Posted by Pfinstegg on February 7, 2004, at 16:46:35
In reply to Re: ?tion to same-sex therapist...HELP!!!, posted by KindGirl on February 7, 2004, at 12:56:22
I think it's wonderful that people here are talking about the different forms their transference feelings, needs and longings take. You did take a huge risk, and it worked! That's what counts. What people have written here- including you- have helped me realize in a much deeper way how each therapist-client pair gradually work out what will be most helpful. Your therapist may have gradually come to the conviction that this was the right thing for you, whereas she might come to the opposite conclusion about another client. My analyst recently remarked that each relationship he has with his patients is different- sort of a co-creation which can't be duplicated. He said, "you can never step in the same river twice, even with the same patient."
Pfinstegg
Posted by KindGirl on February 7, 2004, at 20:35:59
In reply to Re: ?tion to same-sex therapist...HELP!!! » KindGirl, posted by Pfinstegg on February 7, 2004, at 16:46:35
Thanks Pf....I like what your t. said about going through the same river....that helps me because I often think that my t. holds all of her clients like she holds me, I am not special...she must clump me together with all of her clients, like a teacher in front of a class.
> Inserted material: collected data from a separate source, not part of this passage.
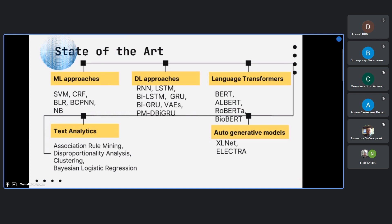Deep learning approaches employed recurrent neural networks, LSTM, bidirectional LSTM, GRU, bidirectional GRU, and variational autoencoders for predicting user ratings. The input was drug side effect reviews as textual passages, where patients described their symptoms such as headache severity, dizziness, and internal and external suffering. Over time, researchers focused on language transformer models like BERT, which works on bidirectional relationships between words.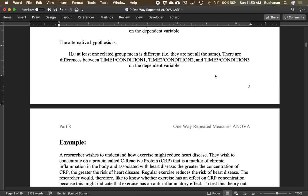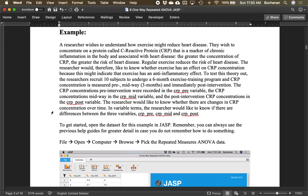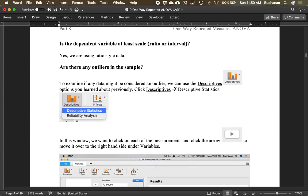Let's look at a heart disease reduction example. We give participants a six-month exercise intervention and measure them pre, midway, and post — that's a good cue that this will be repeated measures. We're going to measure their C-reactive protein (CRP) at pre, three months, and six months, and see if there's any change between those three time points. I've already opened the data, so let's start checking our assumptions.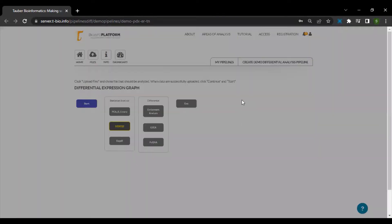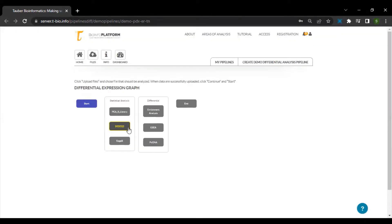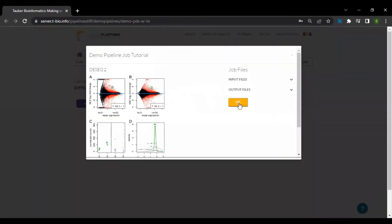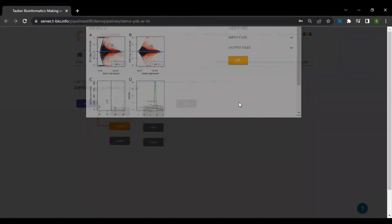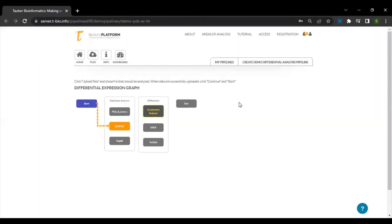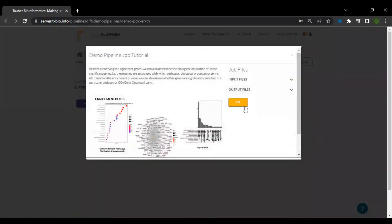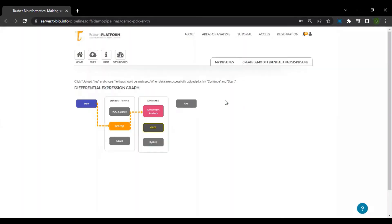This is followed by the DSEC2 for differential gene expression analysis of RNA-seq data. Besides identifying the significant genes, we can also determine the biological implication of these significant genes using the enrichment analysis and GSA algorithm.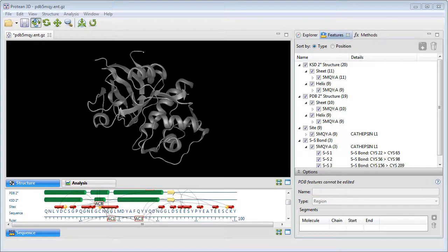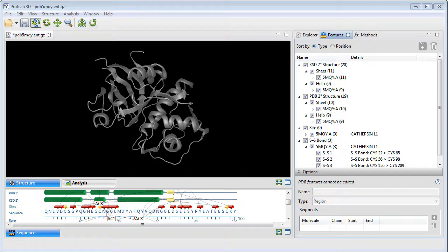LaserGene's Protein3D lets you add custom annotations to an open protein sequence or structure. Here's a structure I downloaded from the RCSB protein databank.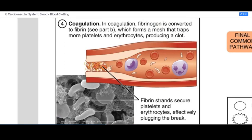Occurring at the same time as platelet plug formation is coagulation, which is the formation of a protein mesh that we call the clot. It ends up incorporating the platelets as well as red blood cells into it and becomes a more permanent cover to a site of blood loss, allowing the tissues to heal up around it.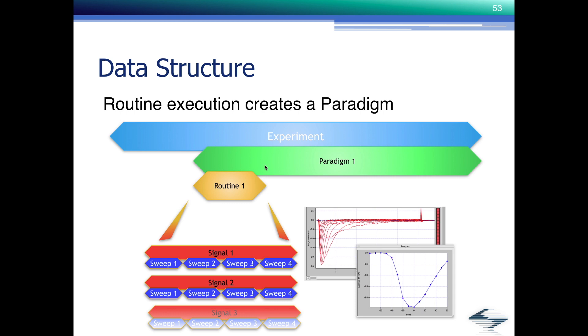But it also lets you add user-defined information, such as what animal species you recorded from, was it mouse today, who prepared the cells, at what time, in what solution, things like that.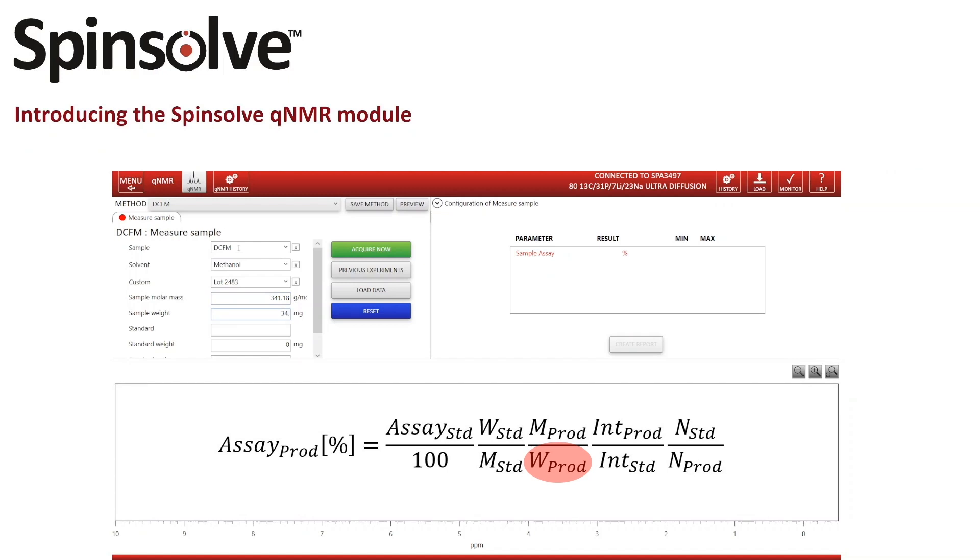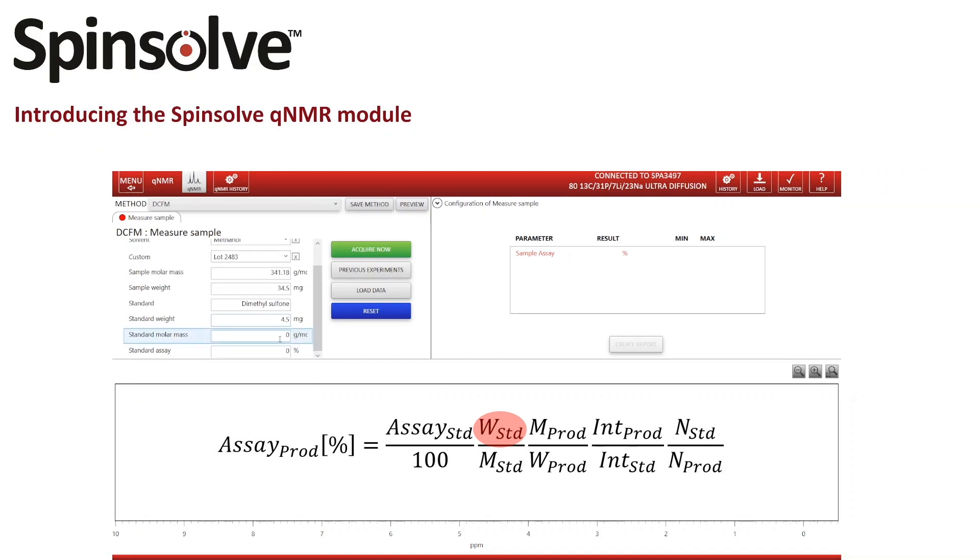I also enter the name of the standard, the amount of standard which was used, the molar mass of the standard, and the assay of the standard.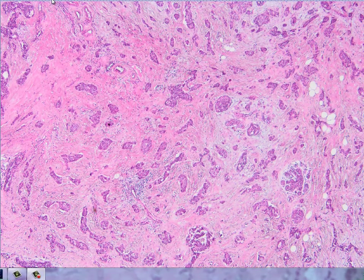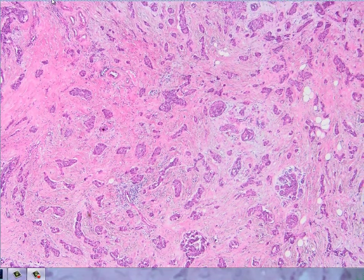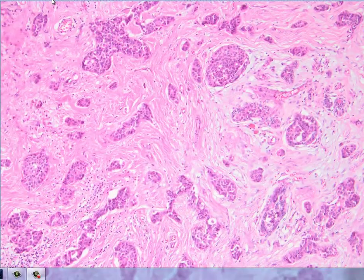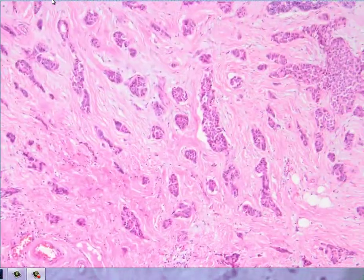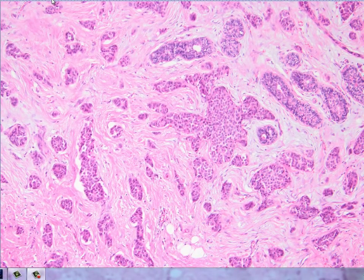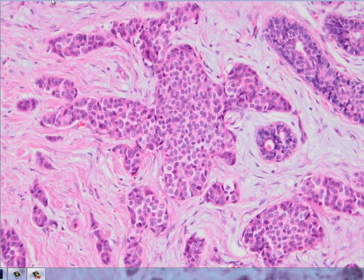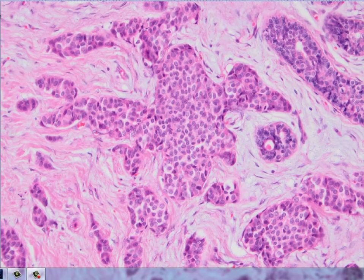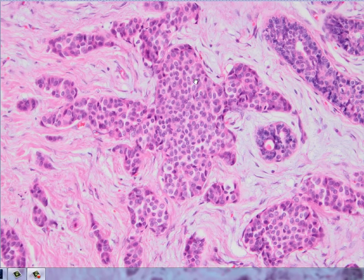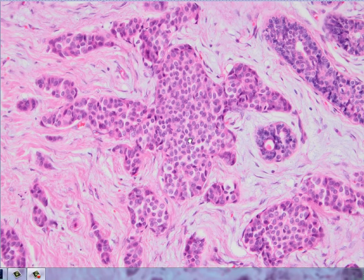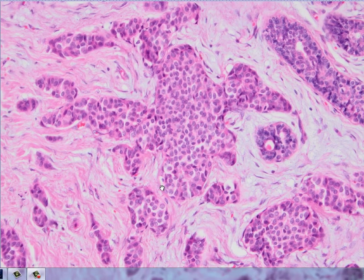Moving to the high power, the tumor looks monotonous and bland. There is no pleomorphism and we can grade this tumor as a grade one tumor. It also has nuclear features like salt and pepper chromatin, and there are no nucleoli.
My t. says the same thing....each relationship is different and separate, and she often tells me to try to think of just her and me and only us. My t. is pretty well known in my area, has a waiting list (I didn't know how "famous" she was until after I made my first appt with her and did some research on her).....and so I often pressure myself to "hurry up and get better because there are a lot of people waiting to get in".....and she tells me that I can stay as long as I want.
Yeah it is interesting and helpful to hear of others' experiences, and it is my impression that everyone here so far has pretty awesome therapists. I shy away from these types of forums because they have discouraged me in the past. :( I often hear of others' therapy experiences and they don't sound remotely like mine. Here, I feel like I fit. Thanks for making me feel welcome!!!